Vice President Kamala Harris may love yellow school buses, but one Ohio school bus driver has had her fill of them and the teenage bullies who ride them.
Amherst school bus driver Jackie Miller has terrible asthma — a condition the teenagers who ride her bus are well aware of.
But a group of bullies on her route have, she says, for the past two years, done all they could to get the best of her. When one of them allegedly sprayed a burst of perfume in the air just a month after she’d suffered a horrible asthma attack from that very thing, they finally succeeded.
“She sprayed perfume on the bus and I had a horrible asthma attack,” Miller told WKYC of the first incident. “I had to stop the bus, grab my inhaler and try to get my lungs to open up again. I had all the kids open up all the windows. They know this.”
In a now-viral video of the spray that broke the driver’s back, Miller can be seen officially losing it, yelling at the students in a profanity-laced rant that promised, “My foot’s gonna be so far up your a** it’s gonna dangle out your f*****g nose.”
“How much do you expect me to f**king take?” she asked.
The incident caused Miller to resign from her job, but, rather than being ostracized for her outburst, the longtime driver was seen as something of a hero online, likely thanks to a recent stream of national headlines featuring children being beaten senseless by bullies on buses.
Mom of 9-yr-old girl beaten on Florida school bus shares video of son in same scenario one week earlier https://t.co/nLtEDs2Dlr pic.twitter.com/l4d65LHzxQ
— Conservative News (@BIZPACReview) February 10, 2023
“That particular day was challenging to say the very least because it started the minute this core group of students got on the bus,” Miller said of the viral video.
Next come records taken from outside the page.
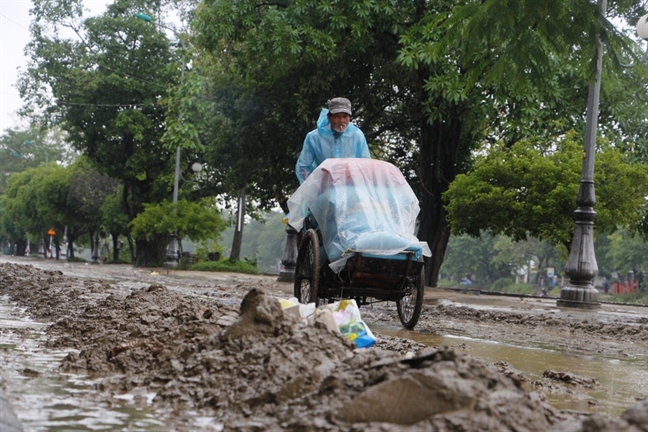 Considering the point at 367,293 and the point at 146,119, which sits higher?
the point at 146,119

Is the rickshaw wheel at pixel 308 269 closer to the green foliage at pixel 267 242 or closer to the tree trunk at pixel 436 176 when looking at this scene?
the tree trunk at pixel 436 176

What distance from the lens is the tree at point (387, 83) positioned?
19484mm

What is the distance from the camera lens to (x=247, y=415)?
3.84 meters

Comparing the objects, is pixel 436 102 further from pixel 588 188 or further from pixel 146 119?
pixel 146 119

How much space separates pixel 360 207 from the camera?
8.48 metres

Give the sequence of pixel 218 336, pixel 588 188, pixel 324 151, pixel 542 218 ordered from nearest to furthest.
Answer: pixel 218 336, pixel 324 151, pixel 588 188, pixel 542 218

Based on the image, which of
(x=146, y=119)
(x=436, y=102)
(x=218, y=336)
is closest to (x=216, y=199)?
(x=146, y=119)

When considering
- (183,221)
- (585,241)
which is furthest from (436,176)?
(183,221)

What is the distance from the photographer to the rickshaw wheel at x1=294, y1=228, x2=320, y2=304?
8.68 meters

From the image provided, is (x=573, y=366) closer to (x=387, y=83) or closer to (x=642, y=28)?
(x=642, y=28)

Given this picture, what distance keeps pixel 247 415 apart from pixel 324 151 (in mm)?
5800

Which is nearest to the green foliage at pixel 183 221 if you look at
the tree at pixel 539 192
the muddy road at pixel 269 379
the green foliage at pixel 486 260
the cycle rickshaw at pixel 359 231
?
the tree at pixel 539 192

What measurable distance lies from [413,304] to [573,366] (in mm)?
2766

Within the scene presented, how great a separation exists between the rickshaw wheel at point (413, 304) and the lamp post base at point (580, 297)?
6744 millimetres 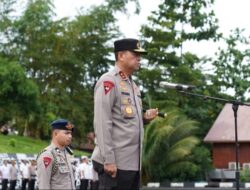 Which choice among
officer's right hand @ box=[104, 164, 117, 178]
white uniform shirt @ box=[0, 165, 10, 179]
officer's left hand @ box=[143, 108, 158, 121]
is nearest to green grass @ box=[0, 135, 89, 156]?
white uniform shirt @ box=[0, 165, 10, 179]

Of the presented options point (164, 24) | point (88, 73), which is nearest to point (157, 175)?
point (164, 24)

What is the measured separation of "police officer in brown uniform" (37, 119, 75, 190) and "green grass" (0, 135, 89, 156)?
948 inches

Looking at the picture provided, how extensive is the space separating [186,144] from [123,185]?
22.6 metres

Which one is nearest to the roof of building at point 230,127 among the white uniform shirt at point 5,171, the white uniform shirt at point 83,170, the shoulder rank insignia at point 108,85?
the white uniform shirt at point 83,170

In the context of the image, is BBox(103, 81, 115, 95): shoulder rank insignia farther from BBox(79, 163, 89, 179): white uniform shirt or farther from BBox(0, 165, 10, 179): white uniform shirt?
BBox(79, 163, 89, 179): white uniform shirt

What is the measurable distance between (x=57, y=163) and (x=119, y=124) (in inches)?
47.6

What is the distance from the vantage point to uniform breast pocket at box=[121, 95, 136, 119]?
18.0ft

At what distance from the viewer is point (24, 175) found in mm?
26797

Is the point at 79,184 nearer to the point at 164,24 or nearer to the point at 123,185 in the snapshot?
the point at 164,24

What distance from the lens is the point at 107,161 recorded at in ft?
Result: 17.4

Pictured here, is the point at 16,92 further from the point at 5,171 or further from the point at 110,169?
the point at 110,169

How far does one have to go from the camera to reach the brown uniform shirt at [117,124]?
5.38 m

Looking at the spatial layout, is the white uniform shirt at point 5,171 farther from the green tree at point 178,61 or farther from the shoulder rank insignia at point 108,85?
the shoulder rank insignia at point 108,85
According to Miller, she’s sorry, not sorry.
“I’m sorry for the way this went down, I truly am,” she said. “I do apologize for my actions, but I won’t take it back.”
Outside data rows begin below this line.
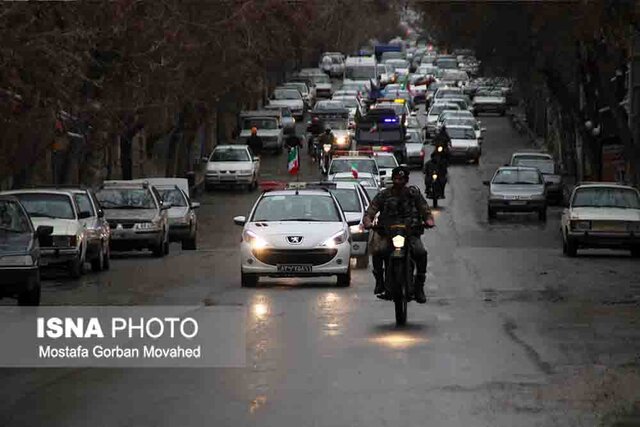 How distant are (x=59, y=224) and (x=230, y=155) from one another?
36.1m

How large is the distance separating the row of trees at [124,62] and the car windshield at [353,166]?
13.5 feet

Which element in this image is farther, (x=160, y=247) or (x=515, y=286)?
(x=160, y=247)

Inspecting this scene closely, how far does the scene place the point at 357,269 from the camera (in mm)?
31109

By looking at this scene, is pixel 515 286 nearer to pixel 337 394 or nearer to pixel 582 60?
pixel 337 394

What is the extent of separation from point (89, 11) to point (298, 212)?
942cm

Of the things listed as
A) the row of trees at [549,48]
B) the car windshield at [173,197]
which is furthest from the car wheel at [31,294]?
the row of trees at [549,48]

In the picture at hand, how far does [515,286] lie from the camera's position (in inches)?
1086

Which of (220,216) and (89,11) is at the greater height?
(89,11)

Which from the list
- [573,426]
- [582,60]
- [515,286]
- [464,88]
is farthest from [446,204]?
[464,88]

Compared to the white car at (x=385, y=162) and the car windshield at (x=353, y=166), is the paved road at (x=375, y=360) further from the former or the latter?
the white car at (x=385, y=162)

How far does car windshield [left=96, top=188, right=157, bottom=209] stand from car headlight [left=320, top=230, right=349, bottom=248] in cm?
1187

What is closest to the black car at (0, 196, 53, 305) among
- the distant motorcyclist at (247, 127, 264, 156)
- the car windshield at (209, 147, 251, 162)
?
the car windshield at (209, 147, 251, 162)

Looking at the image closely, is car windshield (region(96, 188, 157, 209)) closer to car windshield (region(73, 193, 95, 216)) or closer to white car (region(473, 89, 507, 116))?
car windshield (region(73, 193, 95, 216))

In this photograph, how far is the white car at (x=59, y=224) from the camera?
29875mm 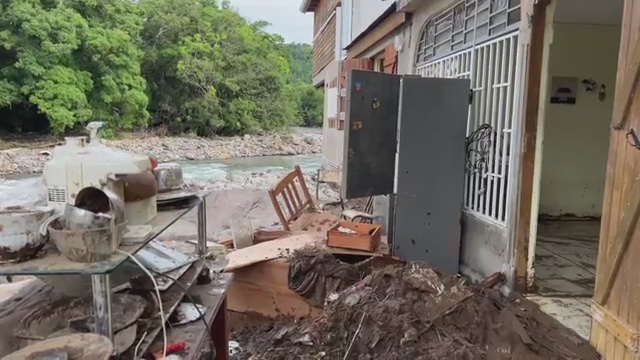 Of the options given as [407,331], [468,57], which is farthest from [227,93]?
[407,331]

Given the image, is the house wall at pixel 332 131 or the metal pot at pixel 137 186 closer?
the metal pot at pixel 137 186

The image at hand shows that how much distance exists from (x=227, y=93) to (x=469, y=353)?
2546 centimetres

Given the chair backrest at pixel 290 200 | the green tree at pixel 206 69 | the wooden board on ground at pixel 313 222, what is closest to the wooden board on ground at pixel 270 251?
the wooden board on ground at pixel 313 222

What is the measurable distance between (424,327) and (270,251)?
1.80m

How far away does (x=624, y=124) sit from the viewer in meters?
2.33

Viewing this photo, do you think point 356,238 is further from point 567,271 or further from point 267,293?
point 567,271

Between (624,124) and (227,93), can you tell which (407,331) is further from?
(227,93)

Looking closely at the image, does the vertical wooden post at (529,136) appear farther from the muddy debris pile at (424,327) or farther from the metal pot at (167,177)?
the metal pot at (167,177)

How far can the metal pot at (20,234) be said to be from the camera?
4.51ft

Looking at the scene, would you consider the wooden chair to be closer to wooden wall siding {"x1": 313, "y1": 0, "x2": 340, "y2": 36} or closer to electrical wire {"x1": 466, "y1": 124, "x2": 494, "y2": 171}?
electrical wire {"x1": 466, "y1": 124, "x2": 494, "y2": 171}

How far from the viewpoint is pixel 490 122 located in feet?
13.4

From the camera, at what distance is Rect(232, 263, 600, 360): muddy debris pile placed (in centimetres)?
274

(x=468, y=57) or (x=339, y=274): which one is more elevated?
(x=468, y=57)

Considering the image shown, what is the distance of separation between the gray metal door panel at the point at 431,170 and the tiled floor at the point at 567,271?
0.81 m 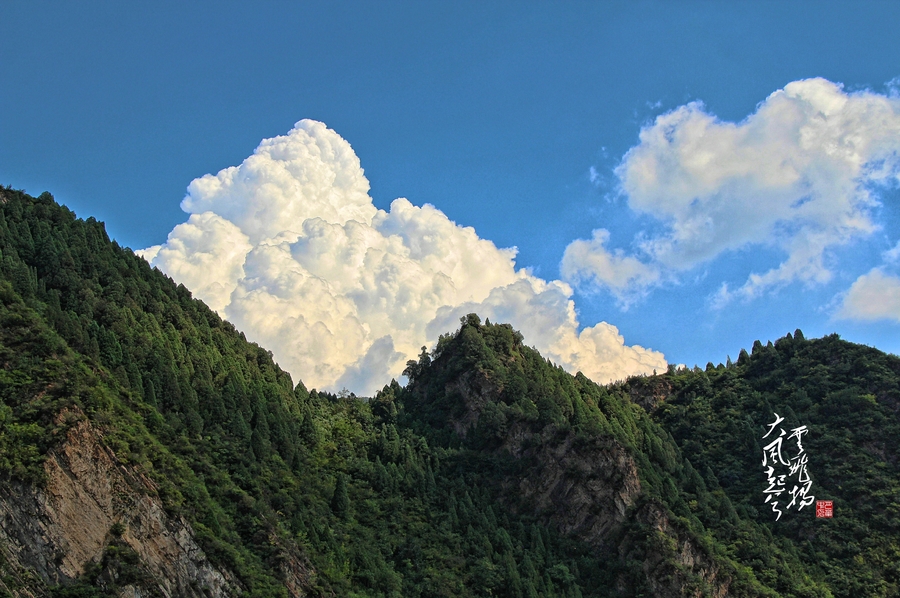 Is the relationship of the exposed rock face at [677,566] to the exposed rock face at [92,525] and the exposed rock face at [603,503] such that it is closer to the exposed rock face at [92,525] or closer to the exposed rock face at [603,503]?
the exposed rock face at [603,503]

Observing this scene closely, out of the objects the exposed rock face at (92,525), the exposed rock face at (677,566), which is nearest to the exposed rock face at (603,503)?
the exposed rock face at (677,566)

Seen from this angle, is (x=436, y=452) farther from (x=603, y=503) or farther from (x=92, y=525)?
(x=92, y=525)

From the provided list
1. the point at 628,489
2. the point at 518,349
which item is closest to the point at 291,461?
the point at 628,489

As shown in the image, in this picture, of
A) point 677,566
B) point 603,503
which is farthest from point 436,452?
point 677,566

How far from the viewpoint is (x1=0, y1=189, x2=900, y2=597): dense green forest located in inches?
3706

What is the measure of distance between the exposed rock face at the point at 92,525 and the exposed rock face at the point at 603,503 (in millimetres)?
52273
It’s because of students like the ones who tormented her that the nation is experiencing a shortage of bus drivers, Miller believes.
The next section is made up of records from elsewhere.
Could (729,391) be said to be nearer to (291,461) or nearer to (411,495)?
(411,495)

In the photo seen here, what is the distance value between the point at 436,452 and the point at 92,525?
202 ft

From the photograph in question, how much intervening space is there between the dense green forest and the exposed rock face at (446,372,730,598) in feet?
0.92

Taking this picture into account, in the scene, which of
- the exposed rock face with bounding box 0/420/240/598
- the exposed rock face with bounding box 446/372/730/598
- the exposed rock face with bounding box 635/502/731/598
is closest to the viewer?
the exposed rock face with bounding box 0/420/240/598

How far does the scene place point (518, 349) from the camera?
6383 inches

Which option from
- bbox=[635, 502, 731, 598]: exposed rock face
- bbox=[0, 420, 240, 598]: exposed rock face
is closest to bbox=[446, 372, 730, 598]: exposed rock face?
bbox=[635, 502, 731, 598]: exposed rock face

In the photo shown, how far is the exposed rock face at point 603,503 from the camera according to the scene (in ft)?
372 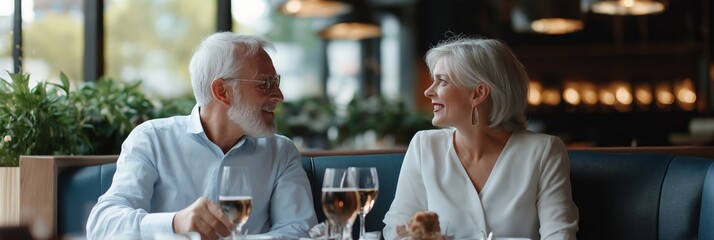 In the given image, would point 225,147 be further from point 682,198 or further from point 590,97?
point 590,97

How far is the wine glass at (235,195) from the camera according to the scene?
1854 mm

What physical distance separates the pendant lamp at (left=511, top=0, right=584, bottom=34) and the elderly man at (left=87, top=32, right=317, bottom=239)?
5.37m

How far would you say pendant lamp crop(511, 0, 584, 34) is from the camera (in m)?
7.88

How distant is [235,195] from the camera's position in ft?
6.08

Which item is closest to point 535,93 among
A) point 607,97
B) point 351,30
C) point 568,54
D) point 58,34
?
point 568,54

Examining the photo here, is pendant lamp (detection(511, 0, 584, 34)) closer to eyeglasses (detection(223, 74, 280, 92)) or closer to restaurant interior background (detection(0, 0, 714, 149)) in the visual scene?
restaurant interior background (detection(0, 0, 714, 149))

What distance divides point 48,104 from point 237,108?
100 centimetres

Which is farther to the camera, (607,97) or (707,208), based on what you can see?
(607,97)

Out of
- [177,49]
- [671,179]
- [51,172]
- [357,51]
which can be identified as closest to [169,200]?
[51,172]

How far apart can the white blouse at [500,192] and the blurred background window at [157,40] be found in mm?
6472

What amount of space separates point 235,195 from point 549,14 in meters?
6.52

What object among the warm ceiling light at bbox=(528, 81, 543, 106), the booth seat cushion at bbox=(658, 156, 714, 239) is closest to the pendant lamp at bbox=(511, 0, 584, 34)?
the warm ceiling light at bbox=(528, 81, 543, 106)

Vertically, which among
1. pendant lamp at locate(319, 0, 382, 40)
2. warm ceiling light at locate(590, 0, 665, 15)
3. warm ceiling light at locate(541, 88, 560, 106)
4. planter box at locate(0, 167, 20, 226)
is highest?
warm ceiling light at locate(590, 0, 665, 15)

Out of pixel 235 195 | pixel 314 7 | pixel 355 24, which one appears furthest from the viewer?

“This is a plight of all bus drivers, we are treated in the worst possible sense of the word,” she said. “We are treated with such lack of respect.”
The incident is now being investigated by the district.
In a letter provided to WKYC by Amherst Superintendent Mike Molnar, the district told parents:
Dear Amherst Parents,
This evening, I received a video circulating on social media of a bus driver using inappropriate and offensive language towards students. The behavior exhibited by the bus driver is unacceptable and will not be tolerated. I have accepted the bus driver’s resignation effective immediately and the incident will be fully investigated. The actions of the bus driver do not represent the values and standards we uphold as a district and do not reflect our commitment to providing a safe, caring, and compassionate educational environment.
Moving forward, our Transportation Department will review its procedures to make sure we are handling situations appropriately for the safety of our students. The district will also continue to support our bus drivers with proper training and professional development.
As Superintendent, I will continue to focus my energy and efforts on creating a positive and safe environment for all students and staff. I believe that open communication and constructive feedback from our community help us create a stronger and more supportive environment.
Molnar told WKYC that several students have since been disciplined, but declined to say how many students were involved, what specifically they were being disciplined for, or what kind of punishment they are facing.
Meanwhile, a GoFundMe campaign has been set up for Miller, who is now out of a job. As of this writing, it has raised $58,461.
And to help raise money, an apparel company has printed up t-shirts featuring one of Miller’s more colorful quotes and is donating $5 from every shirt sold to the former driver.
“We all kind of just felt for her in that moment,” said Jacqui Adkins, Mistakes on the Lakes & Main Street Threads owner. “We’ve all had bad days, we’ve all gone through hardships and our hearts just went out for her.”
The support she has received has provided a much-needed boost to Miller’s morale.
“There’s just no words to say how grateful that I am for the people who have supported me,” she told WKYC. “It restores your faith in humanity. It makes you think that not all people are bad, that there’s really good people in the world.”